The business economy is...let's say, "wheezy," but in the realm of local arts, we are currently reaping the benefits of various economic stimuli. Critical Mass Creative Stimulus
, the new exhibition at the Regional Arts Commission (6128 Delmar Boulevard; 314-863-5811 or www.art-stl.com
), features installations by the four recipients of the inaugural Economic Stimulus Project, a financial jump-start for promising artists bequeathed by Critical Mass for the Visual Arts. Martin Brief, Cameron Fuller, Robert Goetz and Asma Kazmi are names you may recognize if you frequent the galleries. If you're not familiar, now's the time to acquaint yourself with their art. Each of the four works, in their own unique visual language, articulate ideas of social commentary, pop-culture whimsy, fairy-tale mysticism and elegant expressions of beauty.

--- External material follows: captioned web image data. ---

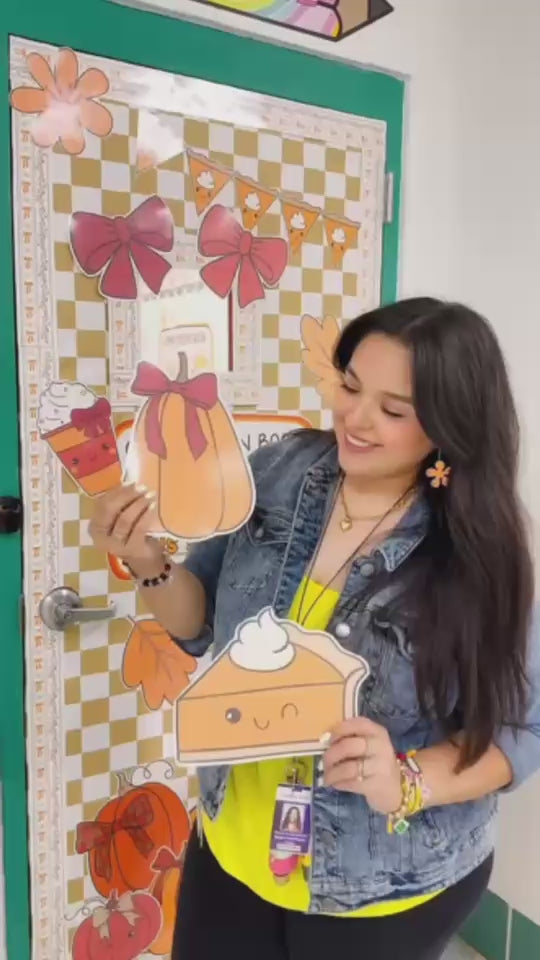 thanksgiving classroom door decor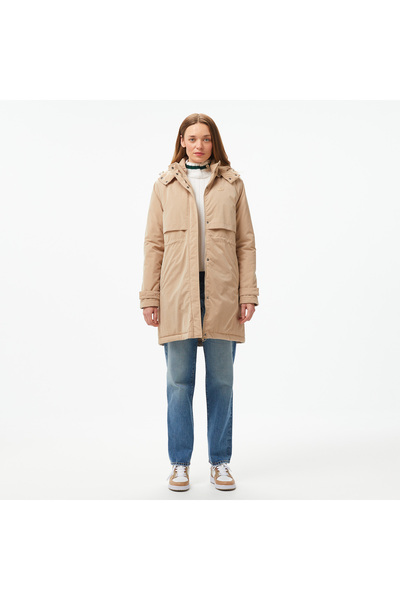Lacoste Kadın Relaxed Fit Kapüşonlu Bej Mont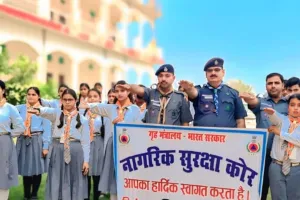 यातायात नियमों के प्रति किया जागरूक सिविल डिफेंस के बैनर तले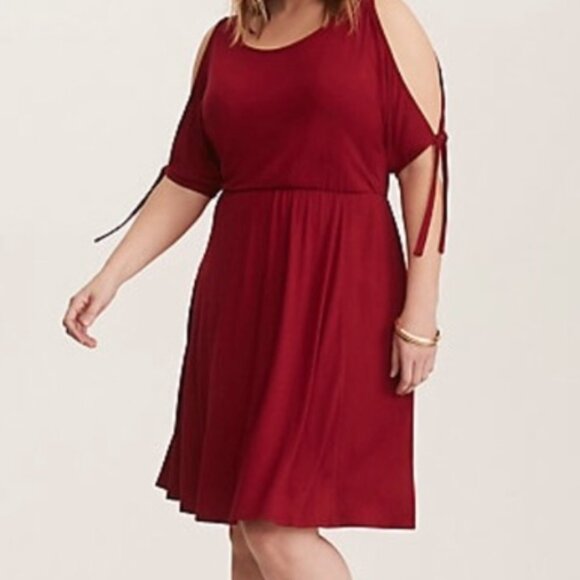 torrid Dresses & Skirts - Torrid red skater dress with tie sleeves - 2X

And unlike stock market gains, a thing of beauty is a joy forever. Fuller's installation, From the Collection of the Institute
, a museumlike diorama featuring a taxidermied coyote standing in fake snow against a hand-painted map of the constellations, is upsettingly beautiful. It recalls a half-forgotten fable and edges nervously toward mankind's tendency to still living things in the pursuit of "understanding." Critical Mass Creative Stimulus
opens with a free public reception from 5:30 to 7:30 p.m. Friday, January 15, at the Regional Arts Commission. The show remains up through Sunday, February 28, and the gallery is open daily.